A dead silence lingered — the kind that felt wrong. Too calm. Too still.
Kael was the first to notice it. The hum in the air — not of machines, but something else.
"Ren," he said quietly, hand lowering to his holster, "you feel that?"
Ren blinked. The world around him seemed to pulse. The birds stopped mid-song. His pulse jumped against his throat.
"Yeah," Ren whispered. "Like static… inside my head."
Lyra, scanning the perimeter, froze. "Something's… watching us."
Then it came — not a sound, not a voice, but a thought pressed directly into their skulls."It's beautiful, isn't it? The quiet before you ruin it again."
Ren flinched. His vision blurred.
The others turned — nothing there. Just the sunlight filtering through buildings. Then, from between the shards of light, he walked out.
A man, or something close to one. Black hair, messy yet deliberate, purple eyes gleaming faintly as though lit from within. No uniform, no insignia — just a gray shirt, a long coat, and the stillness of someone who didn't belong anywhere.
He didn't smile. Didn't move wrong, didn't breathe wrong. Everything about him fit, yet felt off. Like a dream trying too hard to mimic reality.
Kael stepped forward, hand on his blade. "Identify yourself."
Azel tilted his head. "You shouldn't talk to me." His voice was soft, human in sound but hollow in tone — like it had been borrowed. "It'll make me remember things I don't need to."
Anya frowned. "What does that even mean—"
Before she could finish, Kael lunged forward. His blade sang through the air — clean, precise. The strike should have cut straight through Azel's neck.
It didn't.
The moment the blade reached him, Kael's arm froze mid-swing. Not by force. By command.
Azel's purple eyes flickered, and Kael's body betrayed him. His muscles locked. He dropped to one knee, blade clattering to the ground.
Ren tried to move — to raise his arm, to activate his Lock — but his body refused. His thoughts were his, but his body belonged to someone else.
In his mind, that same calm voice spoke again, closer now."Don't strain. You'll tear something important."
Ren gasped. He couldn't even open his mouth. He could only feel the voice crawl through his head like silk, searching, whispering, learning.
Lyra drew her weapon and fired three rounds. The bullets curved midair — not slowed, not blocked, just redirected. They hit the walls behind Azel with dull thuds.
He turned his gaze toward her. "Unnecessary."
And then Lyra dropped, clutching her head, eyes wide and unfocused. No wound. No blood. Just silence.
Anya ran forward, panic overriding reason. "What did you do to her—"
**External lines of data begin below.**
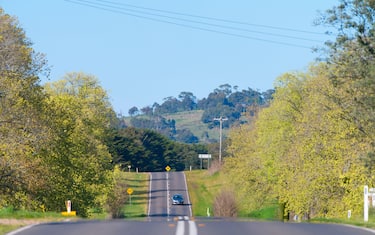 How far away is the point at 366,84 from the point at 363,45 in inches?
62.8

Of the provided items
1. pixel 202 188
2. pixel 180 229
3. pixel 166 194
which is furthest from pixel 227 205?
pixel 180 229

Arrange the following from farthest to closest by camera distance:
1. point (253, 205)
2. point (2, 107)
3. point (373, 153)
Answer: point (253, 205)
point (2, 107)
point (373, 153)

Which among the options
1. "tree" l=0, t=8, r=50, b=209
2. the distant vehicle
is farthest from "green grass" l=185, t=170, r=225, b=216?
"tree" l=0, t=8, r=50, b=209

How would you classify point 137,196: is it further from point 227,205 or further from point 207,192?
Result: point 227,205

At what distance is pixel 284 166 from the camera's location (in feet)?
194

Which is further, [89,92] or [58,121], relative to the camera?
[89,92]

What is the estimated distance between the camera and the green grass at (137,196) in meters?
99.2

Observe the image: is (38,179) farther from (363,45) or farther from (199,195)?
(199,195)

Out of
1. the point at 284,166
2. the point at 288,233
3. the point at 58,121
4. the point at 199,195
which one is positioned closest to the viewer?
the point at 288,233

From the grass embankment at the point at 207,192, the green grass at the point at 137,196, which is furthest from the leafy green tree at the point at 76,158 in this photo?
the green grass at the point at 137,196

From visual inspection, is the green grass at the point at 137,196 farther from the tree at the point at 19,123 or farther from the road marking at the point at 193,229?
the road marking at the point at 193,229

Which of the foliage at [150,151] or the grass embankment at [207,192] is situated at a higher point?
the foliage at [150,151]

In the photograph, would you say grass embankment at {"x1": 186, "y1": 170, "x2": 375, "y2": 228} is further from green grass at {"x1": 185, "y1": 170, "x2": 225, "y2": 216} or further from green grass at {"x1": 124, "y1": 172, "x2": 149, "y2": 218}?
green grass at {"x1": 124, "y1": 172, "x2": 149, "y2": 218}

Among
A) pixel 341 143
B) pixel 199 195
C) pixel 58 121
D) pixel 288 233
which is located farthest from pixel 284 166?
pixel 199 195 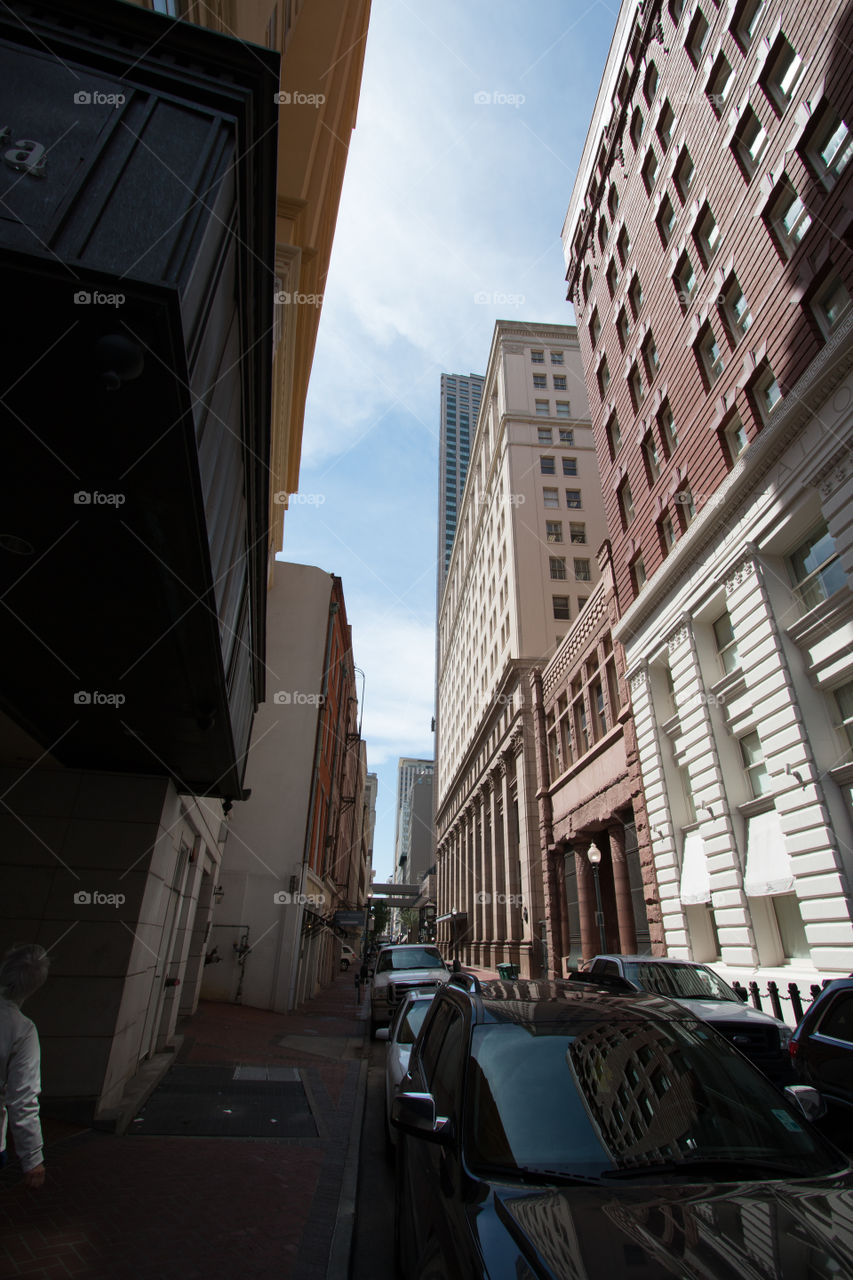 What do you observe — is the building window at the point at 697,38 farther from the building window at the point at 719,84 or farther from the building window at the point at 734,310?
the building window at the point at 734,310

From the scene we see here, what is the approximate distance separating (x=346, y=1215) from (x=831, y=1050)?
4418 mm

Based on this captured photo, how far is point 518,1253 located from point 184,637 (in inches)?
175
Azel moved. Gracefully. Too gracefully. His step was like water slipping downhill, unhurried, inevitable. He raised one hand, and Anya's voice cut off mid-shout as her body stiffened.
Kael tried to stand again, veins bulging, sweat dripping down his face. "You—bastard—"
Azel finally looked at him fully. His eyes weren't just purple — they were deep. Reflective. As if something vast was looking out from behind them.
He said quietly, "I'm not your enemy."
And then, in the same breath, he tilted his head. "Not yet."
Kael barely saw him move before the air around him bent. A single motion — open palm to chest — and Kael was thrown backward, crashing into the broken concrete, unconscious before he hit the ground.
The rest of the team stood frozen, powerless.
Ren's breathing was shallow now. He fought every command in his body just to move a finger. Just one.
"Why…" he rasped, barely audible, "…why are you here?"
Azel looked down at him. For the first time, something almost resembling curiosity passed through his expression — faint, fleeting.
"Because something beneath your feet is waking up," he said simply. "And you're all standing on its mouth."
Then he stepped back. The sunlight fractured again, scattering through his form like light through glass. One moment he was there. The next — gone.
The world snapped back. The noise returned. Ren fell forward, coughing, gasping for air. Lyra stirred weakly, Kael still down, Anya trembling.
The silence was gone. In its place came a deep rumbling from below.
Cracks split the ground, and something worm-like — enormous, metallic, ancient — began pushing its way upward, its surface pulsing with faint, rhythmic light.
Ren's head throbbed with the echo of Azel's words."You're standing on its mouth."
He looked at Kael's motionless body, then toward the rising shadow.
For the first time in his life, Ren wasn't sure if the true enemy was the monster beneath them — or the man who had just walked away.